Area 51: “The Revolution”/”Ready to Die”
Don’t really know too much about who Area 51 might be, but the name kind of sounds like a Santa’s Little Helper type of blunder that was just fixed by releasing under another name after a couple of releases on Promo Recordings. This is on Area 51 records, first and only release. “The Revolution” isn’t the one, but “Ready to Die” is a wicked tune. Cool phased out b-line, warble bass also, some hectic sample-and-hold vocal thing going on, and radio frequency nonsense. Sign me up. This also allows me the chance to mention that I’m a sucker for good B-sides. B-sides traditionally being something that, by the nature of a record having two sides and you should probably put something on that second side so the customer doesn’t feel like he’s getting cheated, would be somewhat of an experiment. When I DJ, I think maybe 75% of my set is B-Sides.
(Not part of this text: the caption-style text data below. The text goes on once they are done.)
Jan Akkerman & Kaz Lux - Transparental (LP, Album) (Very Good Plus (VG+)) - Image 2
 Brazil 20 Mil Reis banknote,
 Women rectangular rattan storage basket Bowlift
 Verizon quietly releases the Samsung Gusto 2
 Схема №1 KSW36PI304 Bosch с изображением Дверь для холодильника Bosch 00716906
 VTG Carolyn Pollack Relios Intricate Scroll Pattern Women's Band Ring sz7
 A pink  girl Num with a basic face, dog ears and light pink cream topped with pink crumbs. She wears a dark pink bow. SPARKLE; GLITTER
It’s funny how even in an experimental genre such as d&b that these rules of putting the strange tune on the flip and that the A is where the current state of your sound exist. Point being, don’t ever be afraid to listen to something that you know is horrible on the A had have no hope for the B. The flip might just blow your mind.
ASC/ASC & Subwave: “Energy Core”/”Greyscale”, “Storm System”/”Tread”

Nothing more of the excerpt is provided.